GOAL OF THE EXERCISE – Copy out the data exactly as it appears, without a single image.

THE RECORDS –

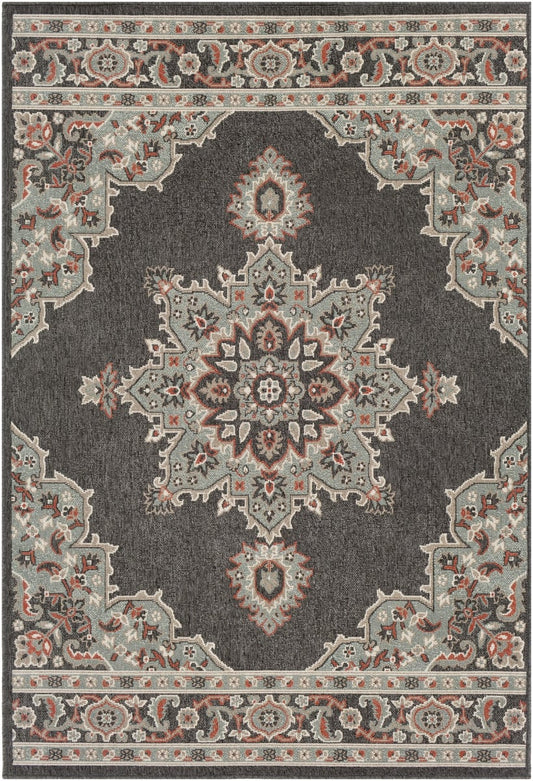 Surya Alfresco ALF-9671 Black Traditional Machine Woven Rug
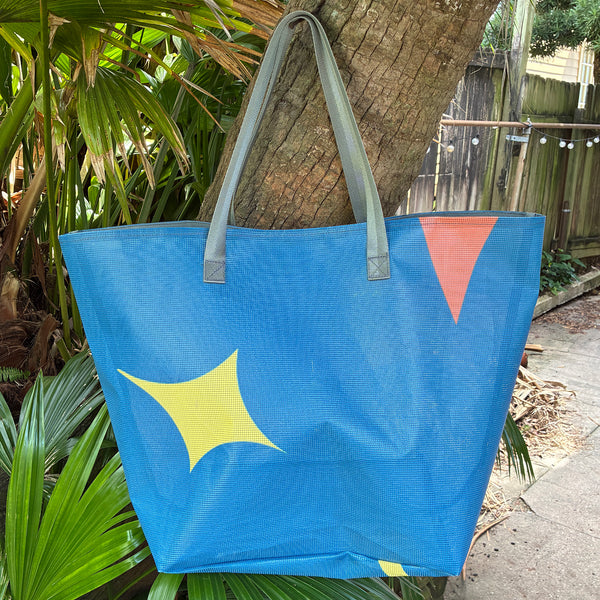SAMPLE SALE Mesh Banner Tote STAR 01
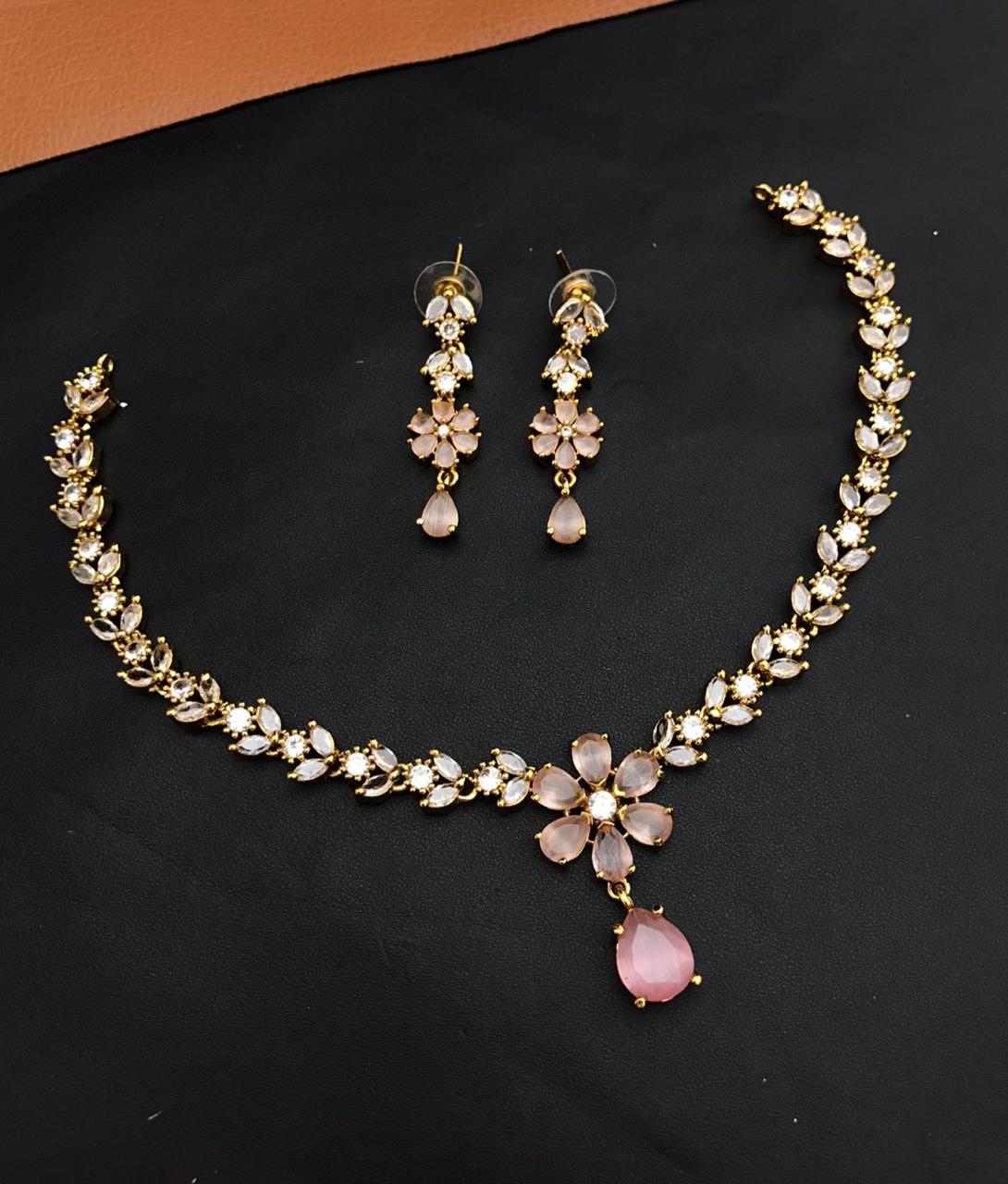Premium Quality Gold Finish CZ Necklace Set With Earrings - Flower Motif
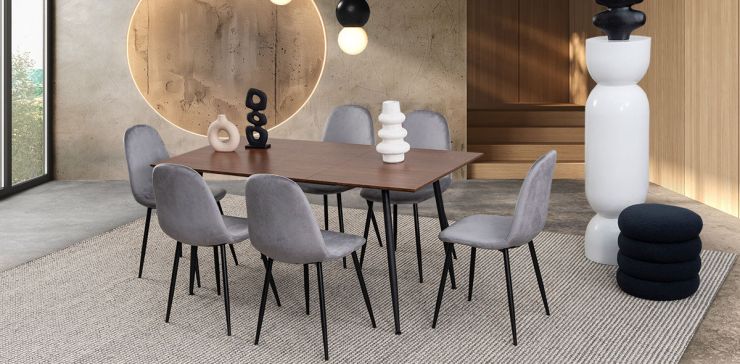 Comedor Con Extensión Camargo Gris 7 Piezas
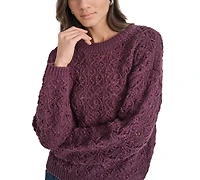 Dkny Jeans Petite Pointelle Crewneck Sweater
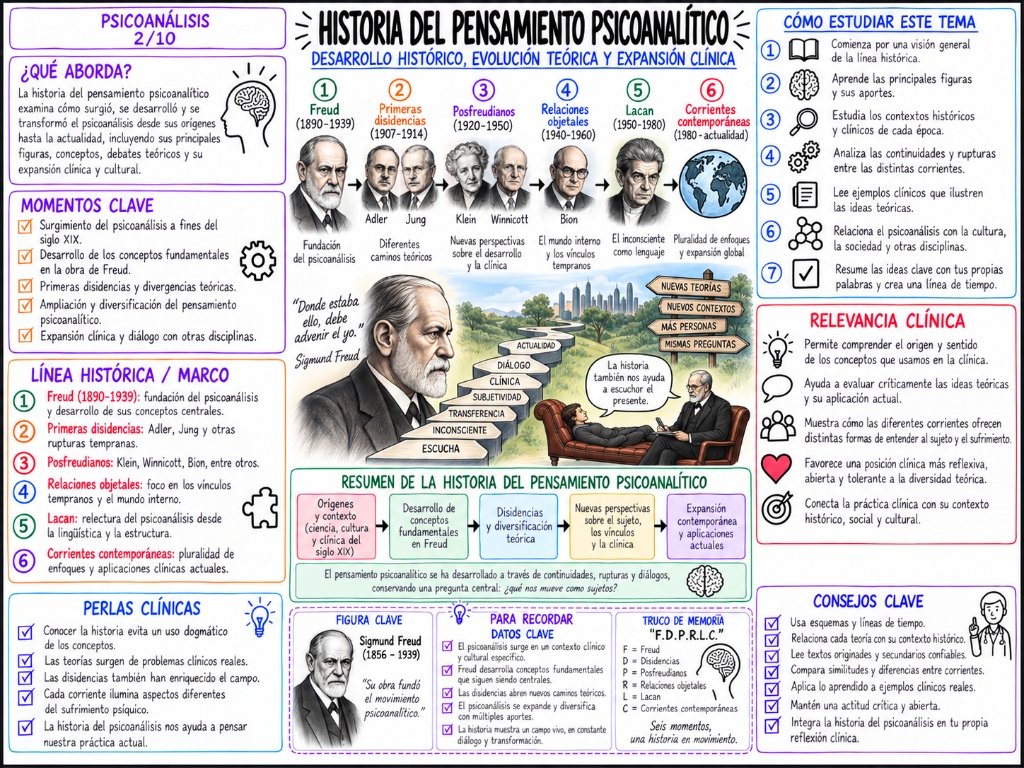 Historia del Pensamiento Psicoanalítico 2/10: Desarrollo Histórico y Expansión Clínica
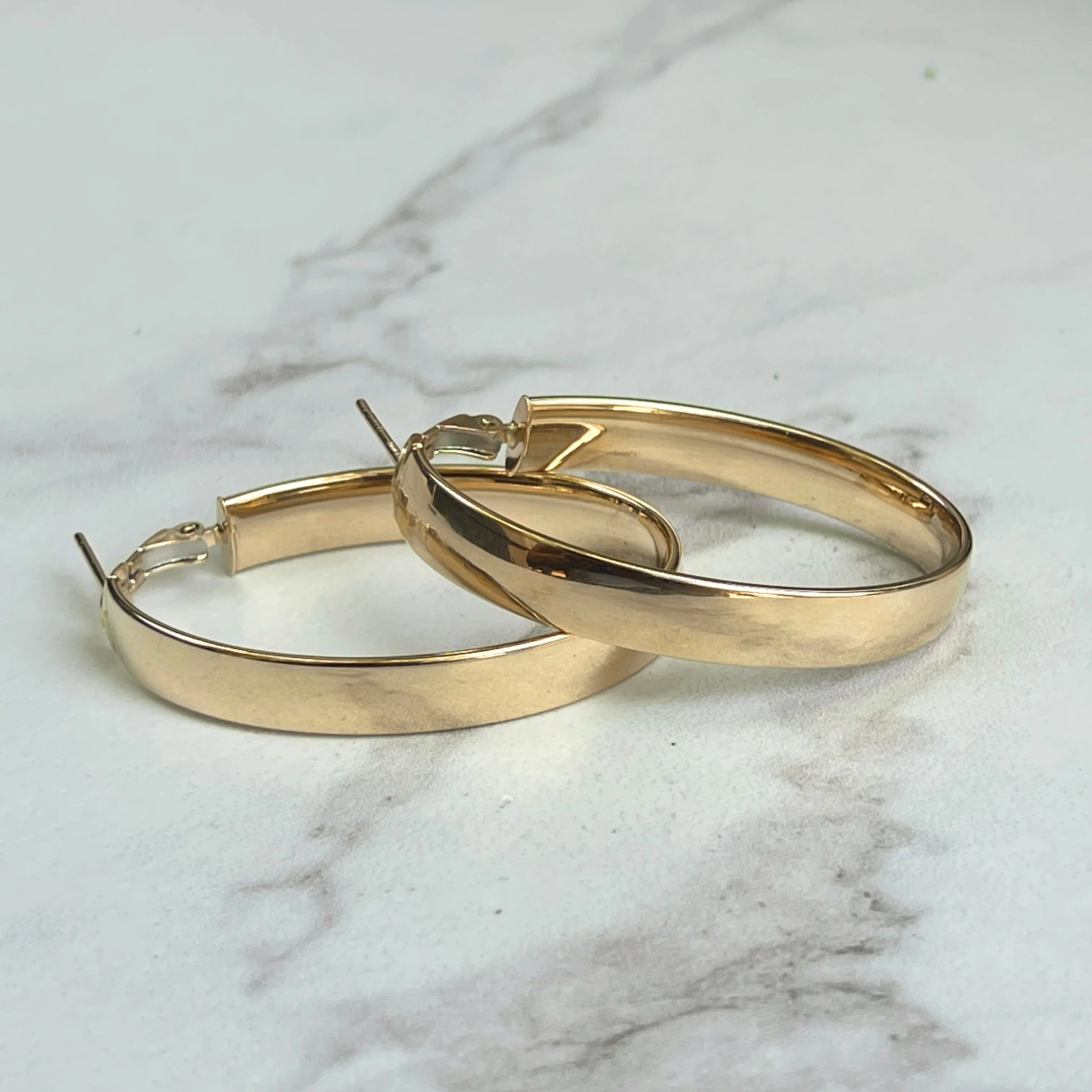 14KT Yellow Gold 7mm Oval Large Hoop Earrings 43mm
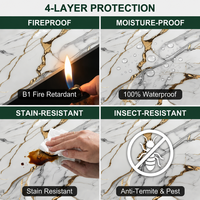 Vente chaude : Panneau mural en PVC effet marbre, revêtement UV, pour décoration d'hôtel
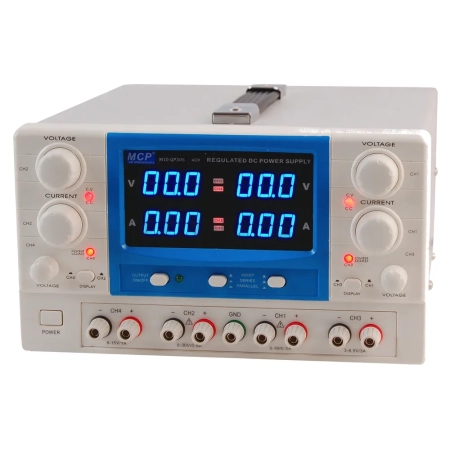 Zasilacz laboratoryjny MCP QP305E DC 2x30 V/5 A + 6.5 V/3 A, do pracy ciągłej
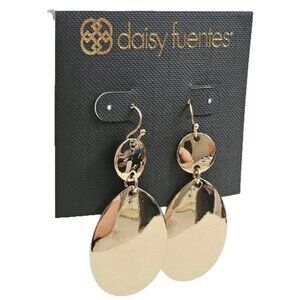 Daisy Fuentes Sparkly Teardrop circle Gold Tone dangle drop Earrings NWT
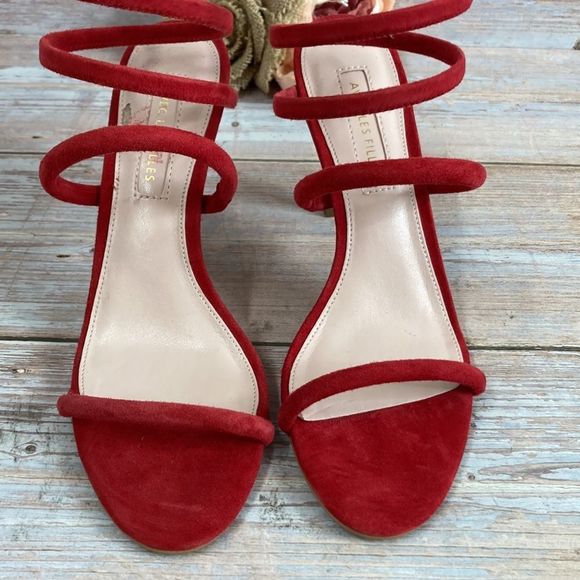 AVEC LES FILLES Joia Red Kid Suede Ankle Wrap Sandal 6M - Picture 14 of 14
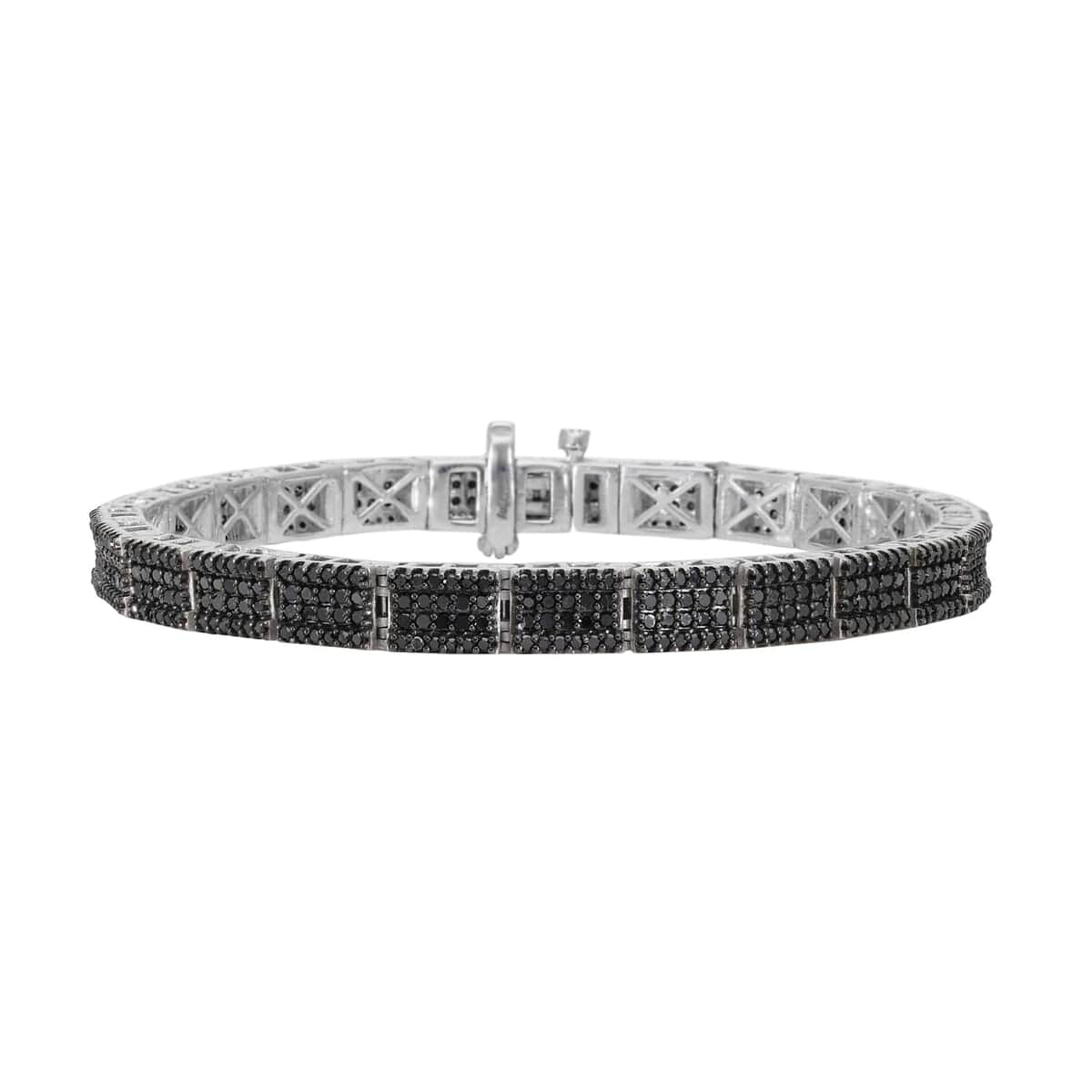 Black Diamond Multi Row Tennis Bracelet in Platinum Over Sterling Silver (6.50 In) 3.00 ctw image number 0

COMPLETED TASK –
 Surya Alfresco ALF-9671 Black Traditional Machine Woven Rug
SAMPLE SALE Mesh Banner Tote STAR 01
Premium Quality Gold Finish CZ Necklace Set With Earrings - Flower Motif
 Comedor Con Extensión Camargo Gris 7 Piezas
 Dkny Jeans Petite Pointelle Crewneck Sweater
 Historia del Pensamiento Psicoanalítico 2/10: Desarrollo Histórico y Expansión Clínica
 14KT Yellow Gold 7mm Oval Large Hoop Earrings 43mm
 Vente chaude : Panneau mural en PVC effet marbre, revêtement UV, pour décoration d'hôtel
 Zasilacz laboratoryjny MCP QP305E DC 2x30 V/5 A + 6.5 V/3 A, do pracy ciągłej
 Daisy Fuentes Sparkly Teardrop circle Gold Tone dangle drop Earrings NWT
 AVEC LES FILLES Joia Red Kid Suede Ankle Wrap Sandal 6M - Picture 14 of 14
 Black Diamond Multi Row Tennis Bracelet in Platinum Over Sterling Silver (6.50 In) 3.00 ctw image number 0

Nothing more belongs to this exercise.